■ Instructions for the task: Somewhere below, one line contains "[Matte Black] Front" and a later line contains "Chrome Bidet Faucet- Handheld". Output those two lines and everything between them exactly, and nothing else.

■ Records to use:
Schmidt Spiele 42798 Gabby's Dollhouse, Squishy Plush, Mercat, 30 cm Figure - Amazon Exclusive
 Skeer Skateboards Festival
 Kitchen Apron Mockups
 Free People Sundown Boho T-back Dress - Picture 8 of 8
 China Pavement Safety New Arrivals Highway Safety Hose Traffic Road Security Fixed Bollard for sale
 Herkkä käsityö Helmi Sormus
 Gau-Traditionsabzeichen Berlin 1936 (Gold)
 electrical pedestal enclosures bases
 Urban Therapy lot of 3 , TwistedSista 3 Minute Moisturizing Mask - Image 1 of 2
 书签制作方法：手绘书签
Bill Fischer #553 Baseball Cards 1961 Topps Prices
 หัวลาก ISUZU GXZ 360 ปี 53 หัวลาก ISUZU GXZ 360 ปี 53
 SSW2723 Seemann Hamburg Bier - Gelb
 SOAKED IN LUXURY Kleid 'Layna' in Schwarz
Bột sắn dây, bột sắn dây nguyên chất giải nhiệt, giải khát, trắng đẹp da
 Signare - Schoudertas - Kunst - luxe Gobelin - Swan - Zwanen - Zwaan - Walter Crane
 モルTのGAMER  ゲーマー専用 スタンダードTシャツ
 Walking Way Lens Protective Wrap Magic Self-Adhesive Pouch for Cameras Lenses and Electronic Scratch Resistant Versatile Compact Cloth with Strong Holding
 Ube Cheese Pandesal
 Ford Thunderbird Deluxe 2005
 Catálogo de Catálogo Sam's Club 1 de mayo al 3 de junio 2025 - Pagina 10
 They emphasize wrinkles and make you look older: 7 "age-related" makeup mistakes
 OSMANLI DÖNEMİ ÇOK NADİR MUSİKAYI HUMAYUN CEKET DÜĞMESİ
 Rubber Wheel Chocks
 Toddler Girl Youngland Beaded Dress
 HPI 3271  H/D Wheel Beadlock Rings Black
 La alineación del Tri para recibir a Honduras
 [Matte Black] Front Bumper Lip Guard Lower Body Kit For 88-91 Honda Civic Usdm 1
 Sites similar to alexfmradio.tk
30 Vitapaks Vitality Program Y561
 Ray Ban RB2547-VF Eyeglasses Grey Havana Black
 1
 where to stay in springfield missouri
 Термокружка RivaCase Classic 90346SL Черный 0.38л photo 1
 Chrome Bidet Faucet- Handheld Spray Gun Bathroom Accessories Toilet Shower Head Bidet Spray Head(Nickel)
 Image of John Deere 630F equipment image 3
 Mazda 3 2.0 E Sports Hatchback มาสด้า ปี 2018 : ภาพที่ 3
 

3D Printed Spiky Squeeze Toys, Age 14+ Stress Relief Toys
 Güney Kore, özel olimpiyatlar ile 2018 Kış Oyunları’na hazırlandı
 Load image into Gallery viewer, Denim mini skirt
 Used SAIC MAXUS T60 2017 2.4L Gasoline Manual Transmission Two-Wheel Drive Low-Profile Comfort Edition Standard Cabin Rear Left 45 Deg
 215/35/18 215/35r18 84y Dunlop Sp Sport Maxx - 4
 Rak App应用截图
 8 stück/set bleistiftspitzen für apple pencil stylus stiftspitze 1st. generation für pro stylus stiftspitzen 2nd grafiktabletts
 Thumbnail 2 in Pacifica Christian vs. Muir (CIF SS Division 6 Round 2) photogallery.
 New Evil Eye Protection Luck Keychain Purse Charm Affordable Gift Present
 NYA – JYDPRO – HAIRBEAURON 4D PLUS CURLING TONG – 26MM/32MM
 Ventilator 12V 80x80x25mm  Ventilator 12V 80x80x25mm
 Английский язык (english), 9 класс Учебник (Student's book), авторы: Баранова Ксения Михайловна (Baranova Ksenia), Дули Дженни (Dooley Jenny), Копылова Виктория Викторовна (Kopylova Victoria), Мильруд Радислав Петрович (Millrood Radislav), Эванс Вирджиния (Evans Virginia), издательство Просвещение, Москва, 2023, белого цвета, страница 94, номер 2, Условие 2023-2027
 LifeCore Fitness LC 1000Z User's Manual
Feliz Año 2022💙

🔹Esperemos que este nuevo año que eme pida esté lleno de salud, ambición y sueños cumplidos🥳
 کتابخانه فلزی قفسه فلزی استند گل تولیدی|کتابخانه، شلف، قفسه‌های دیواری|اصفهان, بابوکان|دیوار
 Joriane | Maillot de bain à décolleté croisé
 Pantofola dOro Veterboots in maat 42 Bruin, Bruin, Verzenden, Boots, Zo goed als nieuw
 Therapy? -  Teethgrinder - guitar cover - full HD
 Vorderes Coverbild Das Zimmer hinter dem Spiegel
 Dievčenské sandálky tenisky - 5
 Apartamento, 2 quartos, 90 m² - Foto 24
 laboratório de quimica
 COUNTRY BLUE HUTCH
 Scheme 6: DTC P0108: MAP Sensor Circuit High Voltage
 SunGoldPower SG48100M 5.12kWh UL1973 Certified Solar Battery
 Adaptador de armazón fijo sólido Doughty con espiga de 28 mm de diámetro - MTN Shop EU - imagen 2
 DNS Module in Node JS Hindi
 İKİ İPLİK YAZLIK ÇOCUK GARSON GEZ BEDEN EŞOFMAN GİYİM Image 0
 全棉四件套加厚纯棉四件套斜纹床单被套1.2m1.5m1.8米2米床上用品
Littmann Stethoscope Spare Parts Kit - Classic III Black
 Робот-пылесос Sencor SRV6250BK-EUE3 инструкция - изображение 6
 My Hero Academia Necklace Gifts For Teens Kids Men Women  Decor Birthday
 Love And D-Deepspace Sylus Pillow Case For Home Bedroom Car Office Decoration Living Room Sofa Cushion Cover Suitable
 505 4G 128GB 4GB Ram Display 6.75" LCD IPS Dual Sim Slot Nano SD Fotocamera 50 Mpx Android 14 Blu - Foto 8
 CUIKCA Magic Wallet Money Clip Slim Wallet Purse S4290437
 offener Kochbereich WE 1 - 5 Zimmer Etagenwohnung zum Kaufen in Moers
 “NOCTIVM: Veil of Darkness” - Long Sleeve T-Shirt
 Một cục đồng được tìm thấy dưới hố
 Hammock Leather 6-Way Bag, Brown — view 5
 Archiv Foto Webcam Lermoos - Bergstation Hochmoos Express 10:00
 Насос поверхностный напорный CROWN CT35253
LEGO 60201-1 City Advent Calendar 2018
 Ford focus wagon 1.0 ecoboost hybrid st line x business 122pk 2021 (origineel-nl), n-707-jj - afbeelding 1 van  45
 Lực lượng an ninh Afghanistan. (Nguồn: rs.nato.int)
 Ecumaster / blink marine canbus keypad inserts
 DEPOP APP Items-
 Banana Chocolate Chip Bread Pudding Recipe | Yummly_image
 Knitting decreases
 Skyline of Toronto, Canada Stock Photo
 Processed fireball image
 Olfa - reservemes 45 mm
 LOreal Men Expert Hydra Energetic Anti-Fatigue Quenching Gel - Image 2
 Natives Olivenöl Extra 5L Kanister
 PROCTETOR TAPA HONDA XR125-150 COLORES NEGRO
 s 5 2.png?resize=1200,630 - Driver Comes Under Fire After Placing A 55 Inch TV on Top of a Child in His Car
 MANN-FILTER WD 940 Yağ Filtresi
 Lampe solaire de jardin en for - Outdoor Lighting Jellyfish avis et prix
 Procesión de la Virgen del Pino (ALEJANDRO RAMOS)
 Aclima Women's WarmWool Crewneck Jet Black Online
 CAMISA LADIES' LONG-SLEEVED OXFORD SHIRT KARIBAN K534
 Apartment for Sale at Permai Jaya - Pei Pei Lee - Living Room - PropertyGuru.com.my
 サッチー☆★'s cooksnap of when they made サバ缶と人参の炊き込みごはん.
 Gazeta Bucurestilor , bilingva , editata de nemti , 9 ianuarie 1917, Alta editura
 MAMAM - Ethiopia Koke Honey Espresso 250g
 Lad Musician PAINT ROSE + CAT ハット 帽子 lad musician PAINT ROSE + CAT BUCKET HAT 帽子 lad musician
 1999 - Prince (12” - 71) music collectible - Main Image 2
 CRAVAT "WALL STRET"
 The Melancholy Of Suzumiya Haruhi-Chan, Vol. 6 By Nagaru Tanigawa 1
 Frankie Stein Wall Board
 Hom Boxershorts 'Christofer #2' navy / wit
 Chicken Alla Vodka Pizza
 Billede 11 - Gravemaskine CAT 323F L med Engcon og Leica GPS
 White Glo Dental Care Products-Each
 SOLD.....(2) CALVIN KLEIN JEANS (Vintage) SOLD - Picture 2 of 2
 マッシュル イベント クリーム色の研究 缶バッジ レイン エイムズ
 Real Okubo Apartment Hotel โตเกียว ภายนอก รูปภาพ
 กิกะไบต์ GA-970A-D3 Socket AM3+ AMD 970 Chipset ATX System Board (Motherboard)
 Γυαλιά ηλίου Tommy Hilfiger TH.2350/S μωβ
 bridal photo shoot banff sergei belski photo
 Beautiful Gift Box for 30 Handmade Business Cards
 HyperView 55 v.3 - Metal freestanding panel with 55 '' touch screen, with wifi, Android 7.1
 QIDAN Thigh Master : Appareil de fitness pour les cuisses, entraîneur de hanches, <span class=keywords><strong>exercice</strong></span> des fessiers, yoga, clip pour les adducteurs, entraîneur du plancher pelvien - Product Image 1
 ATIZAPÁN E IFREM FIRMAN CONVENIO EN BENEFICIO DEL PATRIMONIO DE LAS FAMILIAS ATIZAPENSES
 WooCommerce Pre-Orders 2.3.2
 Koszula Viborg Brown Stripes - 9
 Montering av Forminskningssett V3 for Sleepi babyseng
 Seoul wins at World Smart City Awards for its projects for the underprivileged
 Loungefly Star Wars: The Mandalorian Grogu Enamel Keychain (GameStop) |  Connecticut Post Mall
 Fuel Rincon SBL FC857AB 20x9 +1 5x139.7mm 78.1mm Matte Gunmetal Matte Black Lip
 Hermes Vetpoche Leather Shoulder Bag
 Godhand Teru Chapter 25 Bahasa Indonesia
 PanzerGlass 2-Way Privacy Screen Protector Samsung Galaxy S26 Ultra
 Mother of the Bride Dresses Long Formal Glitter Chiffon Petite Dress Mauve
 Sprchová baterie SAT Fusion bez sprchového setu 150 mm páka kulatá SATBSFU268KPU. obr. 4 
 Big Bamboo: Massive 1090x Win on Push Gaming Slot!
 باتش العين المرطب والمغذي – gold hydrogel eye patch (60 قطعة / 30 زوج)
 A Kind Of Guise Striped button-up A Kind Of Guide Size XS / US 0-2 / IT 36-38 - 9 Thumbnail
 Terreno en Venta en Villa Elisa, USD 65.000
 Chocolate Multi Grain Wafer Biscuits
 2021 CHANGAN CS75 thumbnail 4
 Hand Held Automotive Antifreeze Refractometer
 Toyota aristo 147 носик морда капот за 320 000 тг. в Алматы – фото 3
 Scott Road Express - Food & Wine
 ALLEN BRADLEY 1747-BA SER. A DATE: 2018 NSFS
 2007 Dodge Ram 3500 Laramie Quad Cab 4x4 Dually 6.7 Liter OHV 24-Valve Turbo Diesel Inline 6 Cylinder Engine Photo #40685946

■ Exercise answer:
 [Matte Black] Front Bumper Lip Guard Lower Body Kit For 88-91 Honda Civic Usdm 1
 Sites similar to alexfmradio.tk
30 Vitapaks Vitality Program Y561
 Ray Ban RB2547-VF Eyeglasses Grey Havana Black
 1
 where to stay in springfield missouri
 Термокружка RivaCase Classic 90346SL Черный 0.38л photo 1
 Chrome Bidet Faucet- Handheld Spray Gun Bathroom Accessories Toilet Shower Head Bidet Spray Head(Nickel)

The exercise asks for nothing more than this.